Records from a collection

++++++++++

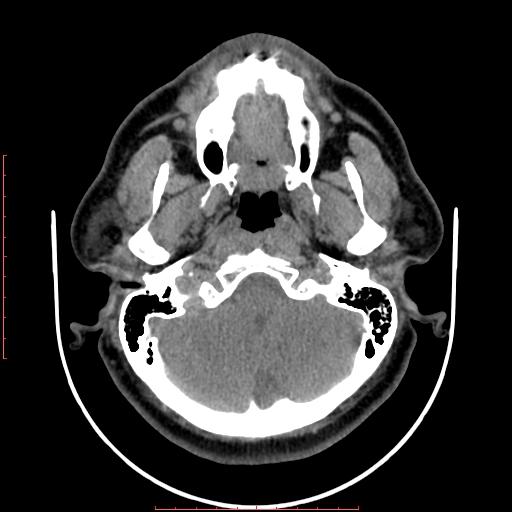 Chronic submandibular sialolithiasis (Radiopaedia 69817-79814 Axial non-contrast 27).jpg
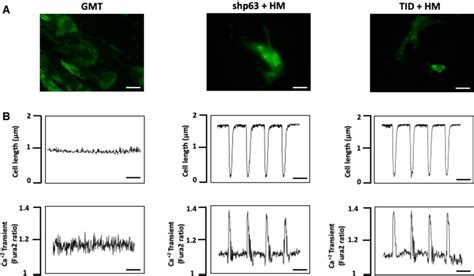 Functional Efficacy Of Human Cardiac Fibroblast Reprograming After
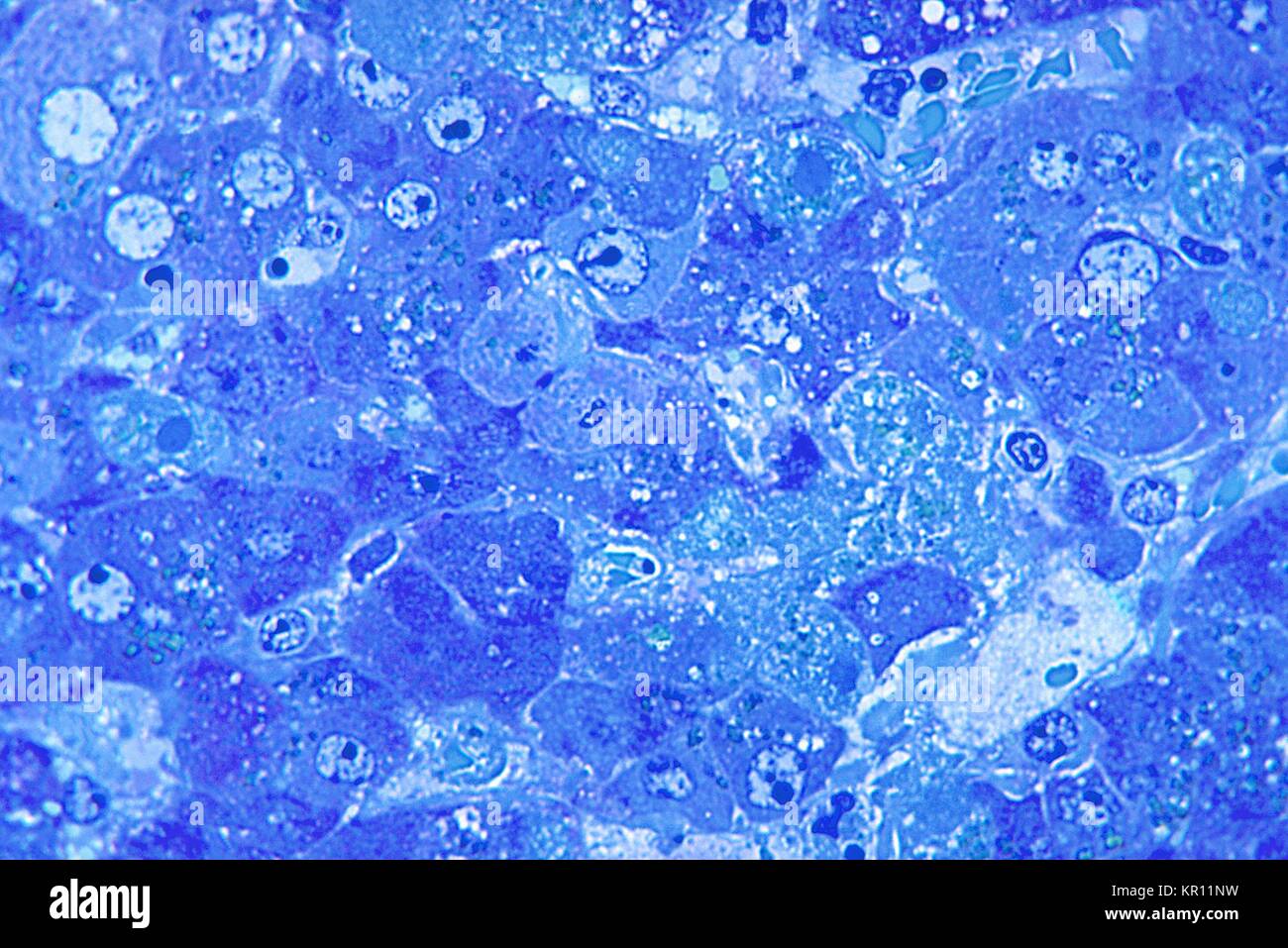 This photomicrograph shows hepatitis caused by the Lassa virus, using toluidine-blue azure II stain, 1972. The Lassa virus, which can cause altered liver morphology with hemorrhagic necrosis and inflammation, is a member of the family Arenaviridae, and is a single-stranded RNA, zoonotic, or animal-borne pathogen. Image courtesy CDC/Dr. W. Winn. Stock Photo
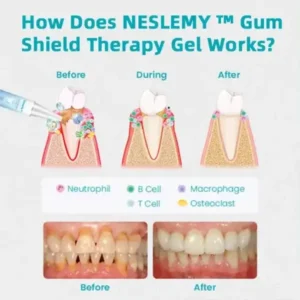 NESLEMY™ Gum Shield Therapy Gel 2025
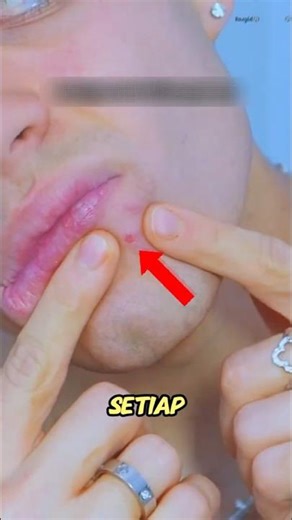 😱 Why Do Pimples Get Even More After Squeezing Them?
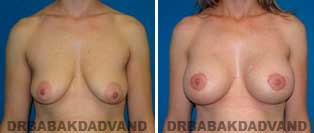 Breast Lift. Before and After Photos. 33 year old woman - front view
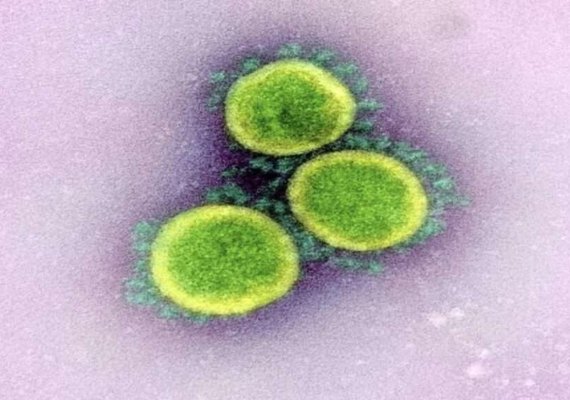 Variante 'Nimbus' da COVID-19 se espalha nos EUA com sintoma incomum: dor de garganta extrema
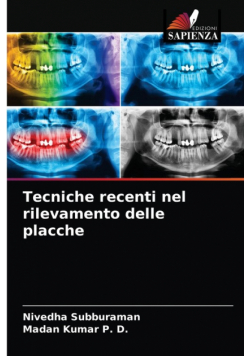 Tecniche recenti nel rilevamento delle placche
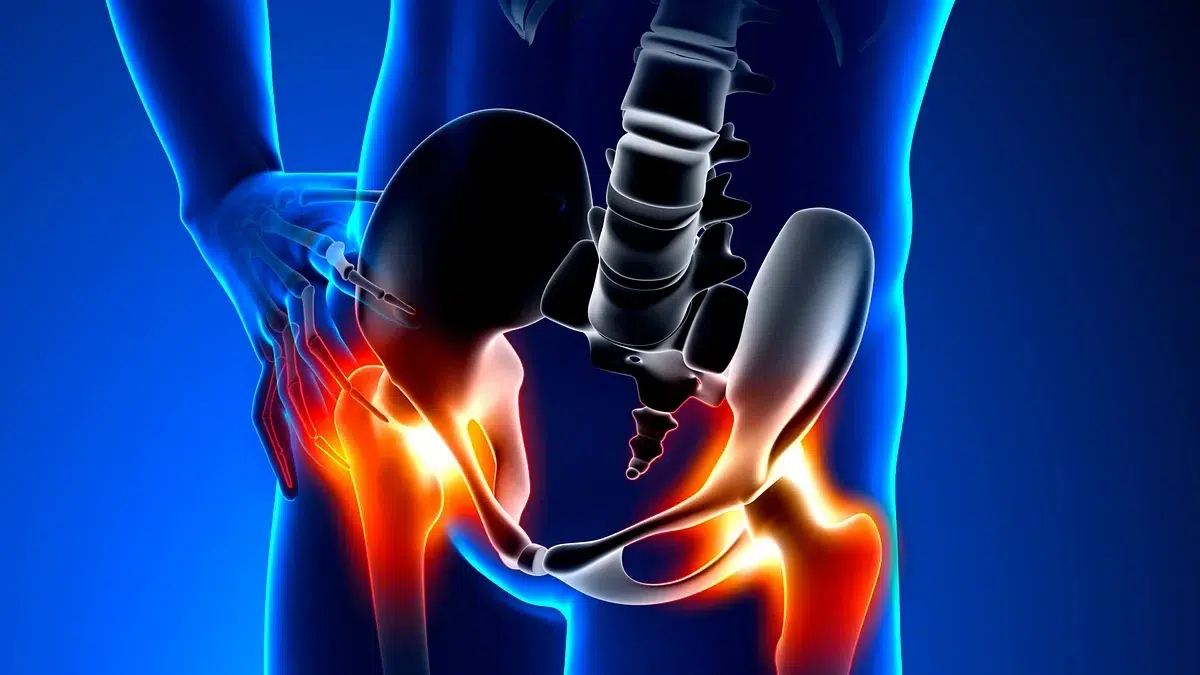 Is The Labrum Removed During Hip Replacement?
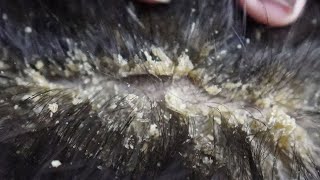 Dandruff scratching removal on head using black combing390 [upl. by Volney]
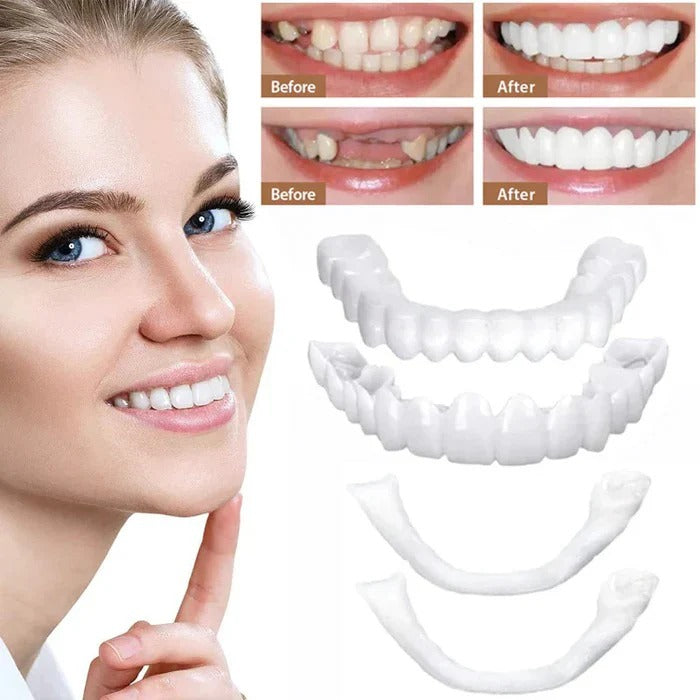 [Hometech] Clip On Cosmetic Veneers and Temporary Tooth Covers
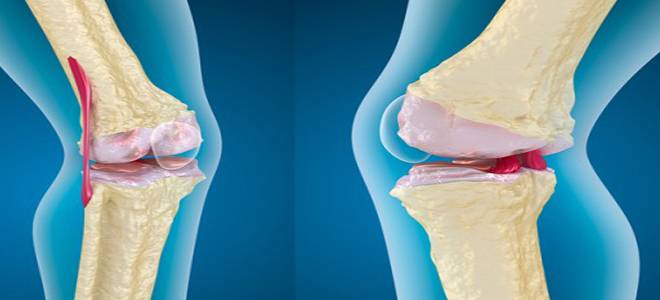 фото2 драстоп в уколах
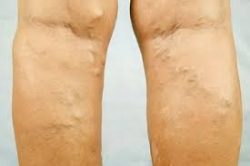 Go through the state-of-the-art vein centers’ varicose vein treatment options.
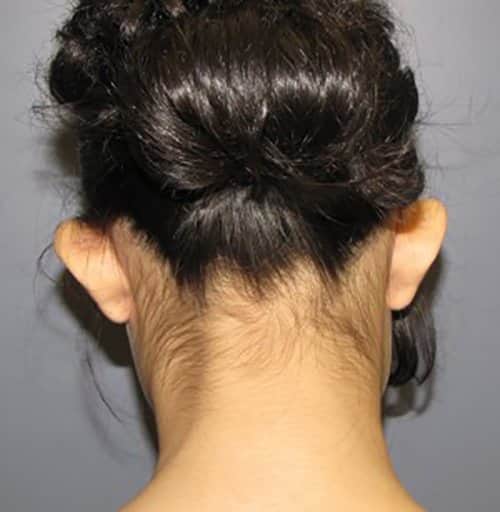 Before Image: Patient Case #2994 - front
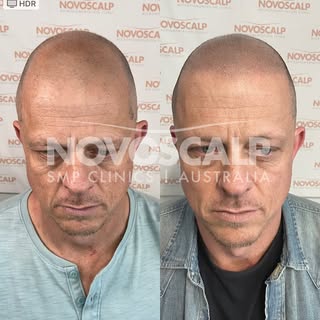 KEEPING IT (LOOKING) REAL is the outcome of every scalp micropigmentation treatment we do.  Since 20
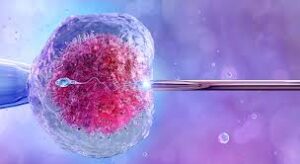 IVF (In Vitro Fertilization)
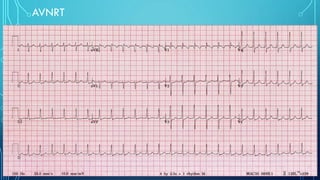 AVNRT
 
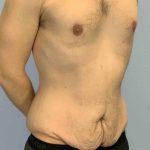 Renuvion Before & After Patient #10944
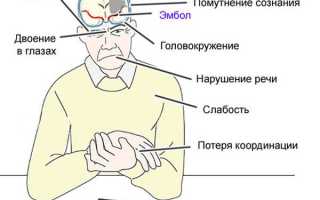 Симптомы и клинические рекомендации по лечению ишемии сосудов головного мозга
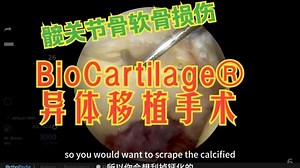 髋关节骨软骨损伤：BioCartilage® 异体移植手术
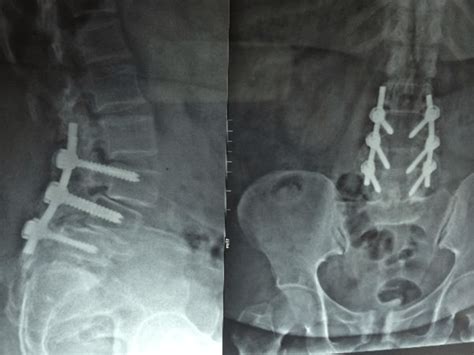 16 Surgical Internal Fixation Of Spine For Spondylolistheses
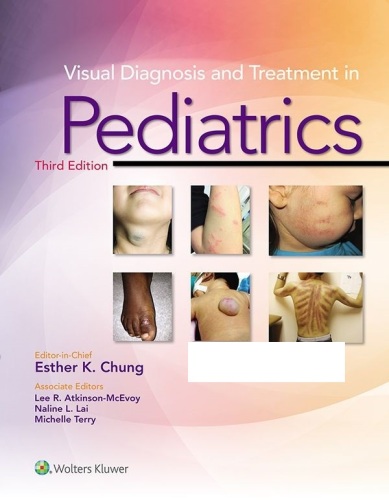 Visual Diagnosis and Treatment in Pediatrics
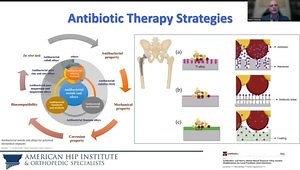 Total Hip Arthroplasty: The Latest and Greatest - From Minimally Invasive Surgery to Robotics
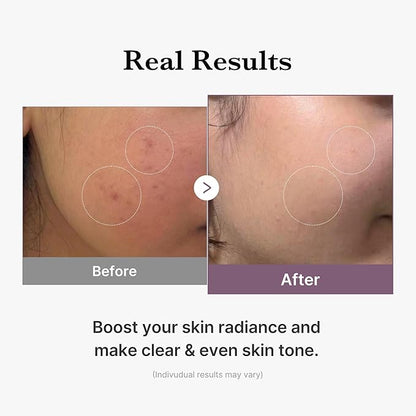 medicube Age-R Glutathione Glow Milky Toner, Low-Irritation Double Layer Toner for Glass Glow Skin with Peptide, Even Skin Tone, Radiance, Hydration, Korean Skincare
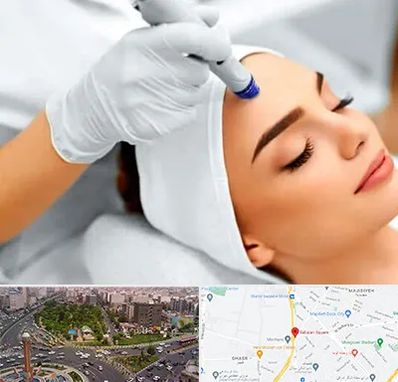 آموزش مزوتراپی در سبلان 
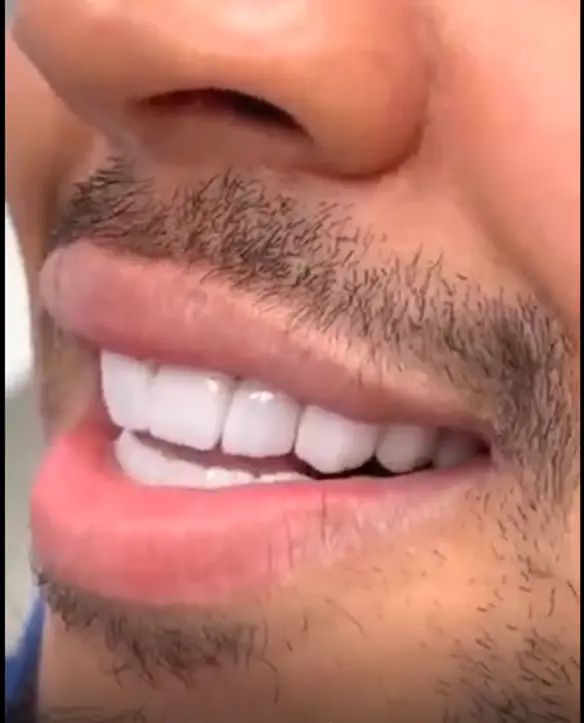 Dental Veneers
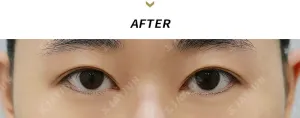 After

++++++++++

→ **Instructions to follow**:
Starting where a line contains "medicube Age-R Glutathione" and finishing at the last line above, set down every line exactly as it reads, with no pictures.

→ **Answer box**:
 medicube Age-R Glutathione Glow Milky Toner, Low-Irritation Double Layer Toner for Glass Glow Skin with Peptide, Even Skin Tone, Radiance, Hydration, Korean Skincare
 آموزش مزوتراپی در سبلان 
 Dental Veneers
 After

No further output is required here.